Walker Suspends Presidential Campaign: Wrecking Wisconsin Not a Springboard to the White House After All

This from the Washington Post:

“Wisconsin Gov. Scott Walker suspended his presidential campaign today, effectively ending a once-promising GOP presidential bid that collapsed over the summer.

“Walker, who tumbled from top-tier status amid tepid debate performances and other missteps, had pulled back from other early-voting states in favor of a heavy focus on Iowa, where he once led the field and has strong roots as a Midwesterner.”

I guess that the plan that he laid out just last week to attack unions nationwide was not enough to rescue his campaign. This is a summary provided by AlterNet:

  • Repeal President Obama’s orders improving pay and conditions for workers, including the millions of additional workers Obama is making eligible for overtime pay and things like paid leave for federal contract workers.
  • Pass a national version of so-called “right to work,” the anti-union law that allows workers to claim the benefits of union representation without paying their share, forcing their union co-workers to cover them
  • Outlaw federal worker unions. And if he doesn’t succeed at making them illegal, he’ll make it more difficult for them to spend money on politics. Similarly, he’d erect obstacles to state unions having money to spend on politics.
  • Kill the National Labor Relations Board, which is charged with enforcing the National Labor Relations Act. Walker may perhaps be forgetting that Republican presidents like George W. Bush have used the NLRB against unions. Or else it’s easier to say “I’ll eliminate it” than “I’ll use it to strengthen the hand of abusive employers.”
  • Require “periodic” union reauthorization votes. Right now, if workers are dissatisfied with their union they can get a decertification vote, but Walker would flip that so that unions constantly had to be organizing to win internal votes rather than focusing on pushing the boss for a better contract.
  • Perhaps it was just bad timing on his part. It may be that only so many targets of hate can resonate at any one time, and right now the Far Right’s  is pretty stoked about undocumented immigrants and “anchor babies,” Muslim infiltrators, gay marriages, and Planned Parenthood.

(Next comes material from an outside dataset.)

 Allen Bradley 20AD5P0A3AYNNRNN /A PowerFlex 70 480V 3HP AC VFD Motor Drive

Perhaps it was just bad timing on his part. It may be that only so many targets of hate can resonate at any one time, and right now the Far Right  is pretty stoked about undocumented immigrants and “anchor babies,” Islamists infiltrating America, gay marriages, and Planned Parenthood.

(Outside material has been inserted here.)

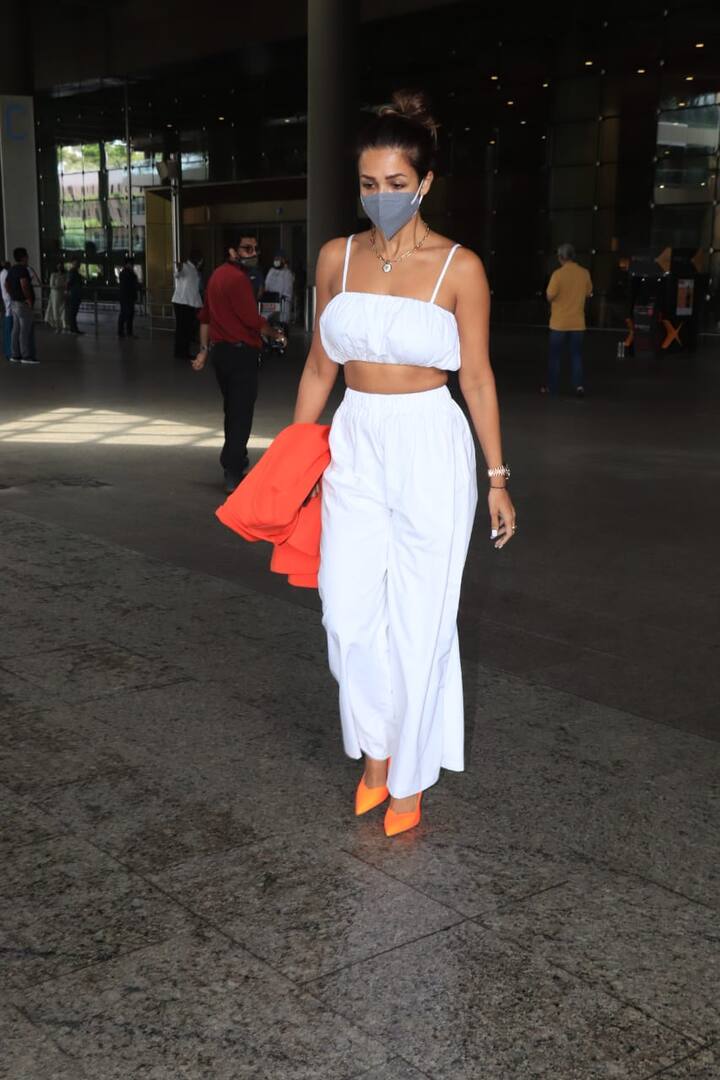इस दौरान मलाइका अरोड़ा के लुक के खूब चर्चे हो रहे हैं. (Photo Credit: Manav Manglani)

But, paradoxically, the failure of Walker’s campaign may actually be symptomatic of a broader problem on the Far Right: stoking hatred only gets you so far; at some point, government has to do something more than simply institutionalize the vilification of your political and cultural opponents.

 

2 thoughts on “Walker Suspends Presidential Campaign: Wrecking Wisconsin Not a Springboard to the White House After All

  1. I’ve been a faculty member in the University of Wisconsin System for 31 years. In the 1980s, faculty accepted lower pay increases in exchange for better fringe benefits, especially health insurance and pension contributions. But in 2011 Walker (ignoring that salaries were 10-15% lower in Wisconsin than at comparable universities in neighboring states) whipped up a lot of resentment against faculty and other state workers for their cushy benefits, and with Act 10 he raised health insurance costs and took more pension contributions out of our salaries. The result was about a 6-8% reduction in take home pay. On top of that, faculty have had a grand total of only 2% in salary increases from the state in the last 5 years. So now we’re about 20% behind our peers in neighboring states. Not surprisingly, some people are leaving for “greener pastures”. The rest are paying a “loyalty tax”. Walker cut state contributions for health insurance and pensions and took away collective bargaining rights for most state workers with the justification that through collective bargaining state workers got “overly generous” salaries and benefits. So they had to be punished by reducing those benefits, and taking away the right to collective bargaining! Ironically, university faculty were punished the same — got the same reductions — even though we had never had collective bargaining at all!